> _Work instructions_: Take the records below from their first line to the line with "Vintage Vintage 90s", and restate those lines word for word.

> _Data records_:

------

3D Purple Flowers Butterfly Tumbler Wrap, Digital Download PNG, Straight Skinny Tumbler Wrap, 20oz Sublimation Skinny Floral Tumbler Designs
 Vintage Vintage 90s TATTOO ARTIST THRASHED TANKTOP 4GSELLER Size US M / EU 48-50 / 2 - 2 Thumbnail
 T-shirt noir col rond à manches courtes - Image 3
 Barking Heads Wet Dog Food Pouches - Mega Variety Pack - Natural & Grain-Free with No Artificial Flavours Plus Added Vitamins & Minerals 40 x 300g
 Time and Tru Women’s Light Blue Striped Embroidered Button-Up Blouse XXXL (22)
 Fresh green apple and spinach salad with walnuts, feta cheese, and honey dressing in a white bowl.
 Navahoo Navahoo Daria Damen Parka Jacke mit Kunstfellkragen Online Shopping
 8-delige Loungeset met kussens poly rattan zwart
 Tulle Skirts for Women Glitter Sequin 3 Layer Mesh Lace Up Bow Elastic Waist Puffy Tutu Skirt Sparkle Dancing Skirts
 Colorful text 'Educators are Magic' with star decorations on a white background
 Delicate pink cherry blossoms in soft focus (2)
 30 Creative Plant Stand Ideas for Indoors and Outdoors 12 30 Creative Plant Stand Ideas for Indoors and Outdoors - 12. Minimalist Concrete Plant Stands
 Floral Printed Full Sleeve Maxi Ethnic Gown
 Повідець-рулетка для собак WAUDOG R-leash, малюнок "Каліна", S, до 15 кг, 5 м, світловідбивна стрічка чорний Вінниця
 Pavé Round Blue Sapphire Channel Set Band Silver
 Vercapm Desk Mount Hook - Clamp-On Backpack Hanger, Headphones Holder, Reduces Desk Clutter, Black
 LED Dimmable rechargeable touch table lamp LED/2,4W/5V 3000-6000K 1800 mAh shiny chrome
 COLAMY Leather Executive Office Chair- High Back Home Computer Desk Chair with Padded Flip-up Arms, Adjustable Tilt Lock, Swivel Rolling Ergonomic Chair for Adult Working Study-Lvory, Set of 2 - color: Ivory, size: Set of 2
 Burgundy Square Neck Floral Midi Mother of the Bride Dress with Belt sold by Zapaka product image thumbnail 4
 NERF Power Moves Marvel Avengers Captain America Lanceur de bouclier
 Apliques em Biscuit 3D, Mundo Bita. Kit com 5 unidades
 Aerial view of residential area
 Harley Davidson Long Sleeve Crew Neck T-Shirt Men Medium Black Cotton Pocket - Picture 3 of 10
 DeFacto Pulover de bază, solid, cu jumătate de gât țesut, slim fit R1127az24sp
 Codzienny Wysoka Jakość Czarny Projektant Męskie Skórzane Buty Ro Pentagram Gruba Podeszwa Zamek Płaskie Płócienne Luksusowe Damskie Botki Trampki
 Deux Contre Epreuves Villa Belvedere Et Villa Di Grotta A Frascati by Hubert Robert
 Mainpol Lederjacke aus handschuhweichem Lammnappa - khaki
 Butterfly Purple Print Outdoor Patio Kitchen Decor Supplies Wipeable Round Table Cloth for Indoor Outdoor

------

> _Answer space_:
3D Purple Flowers Butterfly Tumbler Wrap, Digital Download PNG, Straight Skinny Tumbler Wrap, 20oz Sublimation Skinny Floral Tumbler Designs
 Vintage Vintage 90s TATTOO ARTIST THRASHED TANKTOP 4GSELLER Size US M / EU 48-50 / 2 - 2 Thumbnail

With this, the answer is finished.